As astronauts embark on ever-longer space flights, they will need direct and continuous feedback on the quality of their muscles and bones. 

| Dec 26, 2019 12:00 am

It seems only yesterday that AI was introduced as a new tool to help people live healthier lives on earth.  Now it’s being touted as a tool to help people live healthier lives in outer space, too.

According to a recent article at Forbes, as NASA develops plans to send astronauts ever further into space, the agency is increasingly interested in understanding the impact extended space travel will have on the bodies and overall health of the astronauts manning the missions.

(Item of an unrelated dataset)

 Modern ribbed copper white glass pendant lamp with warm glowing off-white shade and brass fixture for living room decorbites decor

Specifically, NASA is working with the Translational Research Institute for Space Health (TRISH), “a consortium led by Baylor College of Medicine that includes CalTech and MIT. The consortium is using cutting edge biomedical research and implementing a ‘bench-to-spaceflight’ model to move new advanced methods to astronauts in space.”

TRISH recently awarded a grant for a study called the Space-Feasibility Body Composition and Body Shape Analysis for Long Duration Missions (ASTRO3DO) to John Shepherd, PhD at the AI Precision Health Institute (AI-PHI) at the University of Hawai’i Cancer Center. Shepherd is co-founder and Principal Investigator of the AI-PHI and is known for his expertise using AI to analyze medical images.

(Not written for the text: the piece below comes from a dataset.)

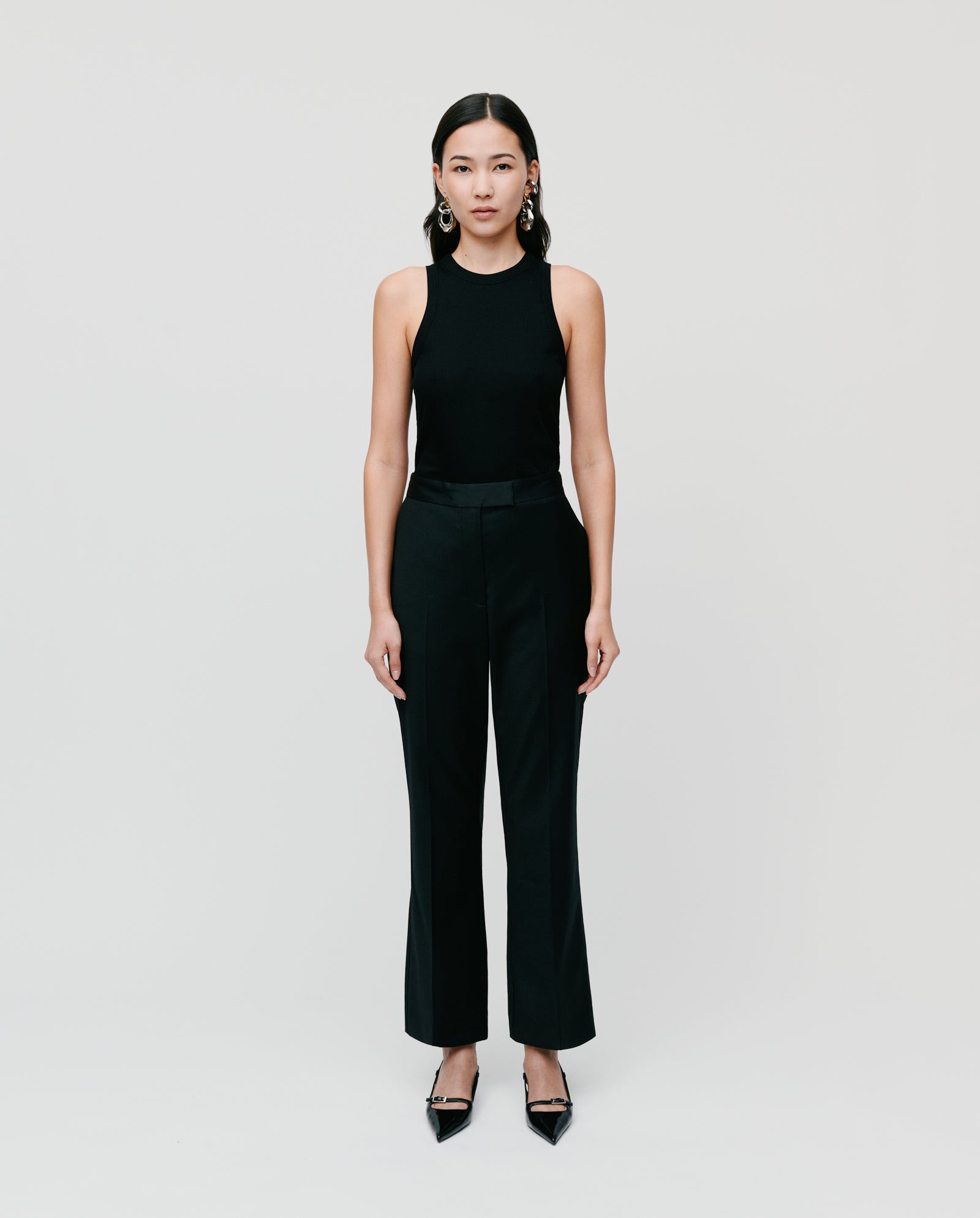 A woman stands against a plain background, wearing IVY OAKs POLINA ROSE Trousers paired with a black sleeveless top and black heels.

With support from the grant, researchers at the AI-PHI are studying “how body shape information is related to health markers like strength, body composition, and blood biomarkers. 3D optical models can accurately estimate bone and body composition and can be used to monitor frailty risk. Researchers can learn many things by analyzing this data using AI.”

Moreover, to help astronauts prepare for long duration space missions, “the team is designing customized 3D optical scanners using AI to monitor astronauts’ body composition in space. The objective is to determine the optimal performance and space feasibility of 3D optical cameras to collect views of the body, and explore the precision of 3D optical derived total body composition.”

According to the article, “the most intuitive warning sign of functional decline is change in body shape. Body shape is the product of all omic processes.”

The research team’s overall goal is to “develop breakthrough approaches that reduce risks to human health and performance, and efficient ways for astronauts to monitor and measure bone and muscle mass to help them prepare for even longer exploration missions.”